▶ EXERCISE BRIEF
Reproduce the records below exactly, but leave their pictures out of the copy.

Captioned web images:
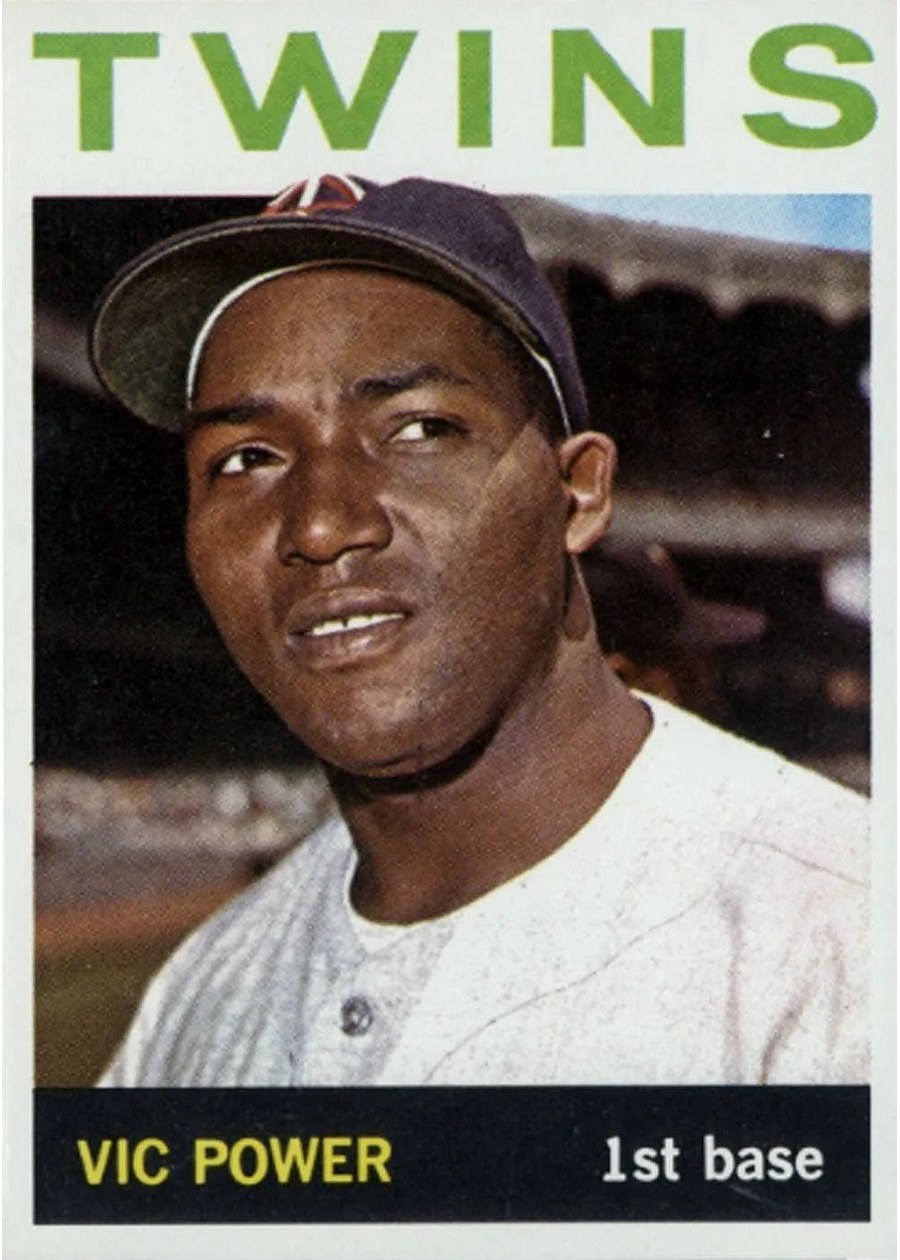 1964 Topps #355 Vic Power, Minnesota Twins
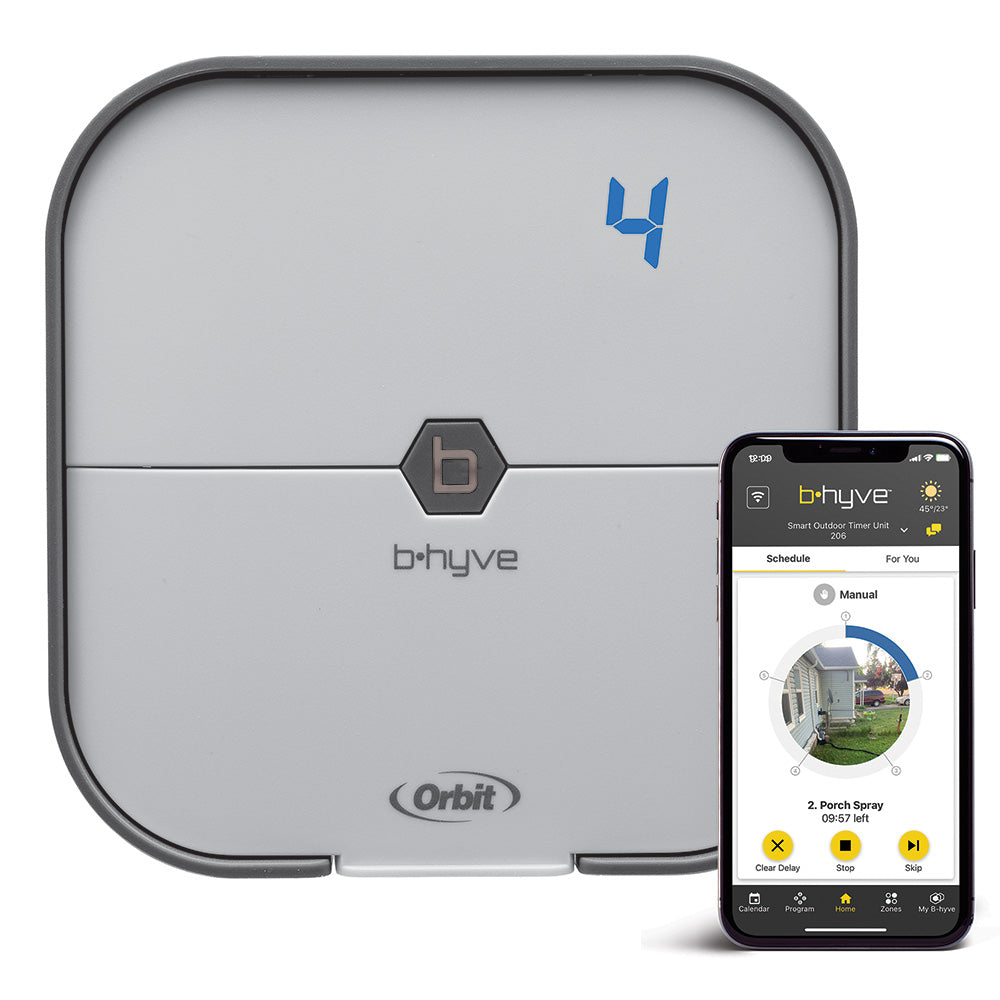 B-hyve Smart Indoor Irrigation Controller 4-Station | 57915 Orbit Irrigation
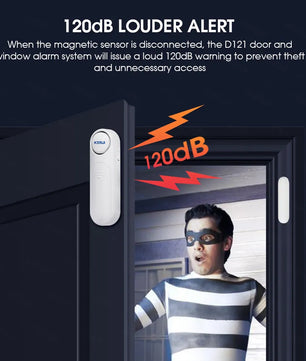 Kerui Plastic Smart Wireless Home Door Windows Security Sensor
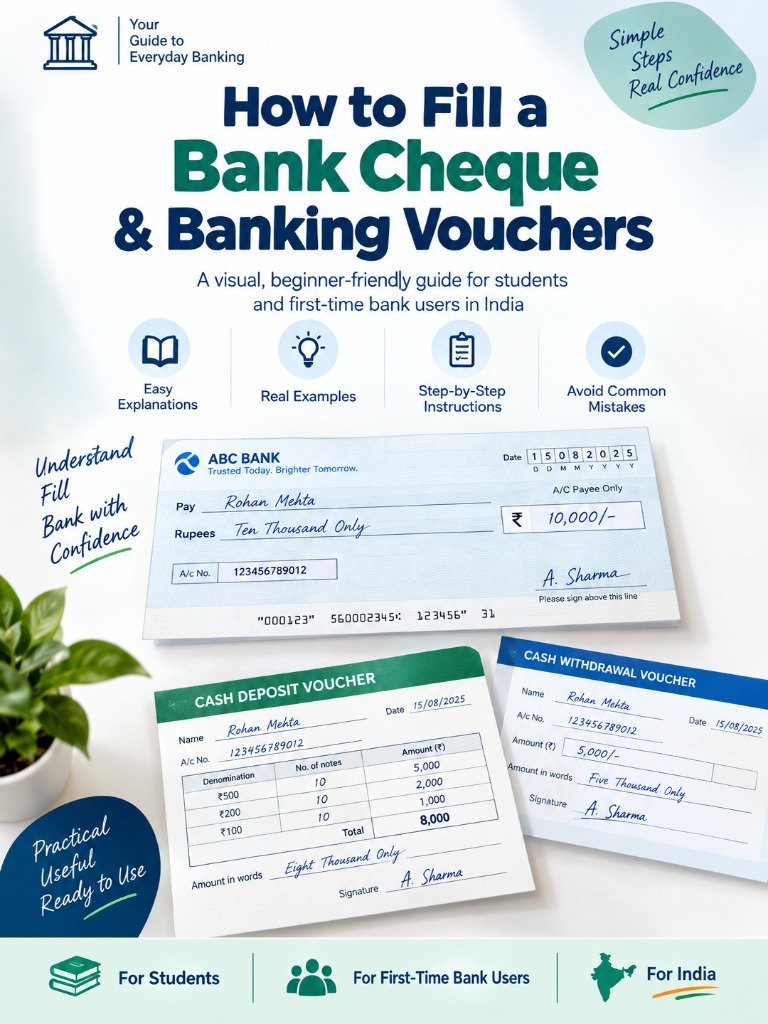 First-Time Bank Forms Made Simple: Complete Cheques and Slips Without Field Err…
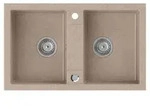 Sapho Doppel-Granitsp&uuml;le, 78x48cm, beige - Beige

▶ SOLVED PROBLEM
 1964 Topps #355 Vic Power, Minnesota Twins
 B-hyve Smart Indoor Irrigation Controller 4-Station | 57915 Orbit Irrigation
 Kerui Plastic Smart Wireless Home Door Windows Security Sensor
 First-Time Bank Forms Made Simple: Complete Cheques and Slips Without Field Err…
 Sapho Doppel-Granitsp&uuml;le, 78x48cm, beige - Beige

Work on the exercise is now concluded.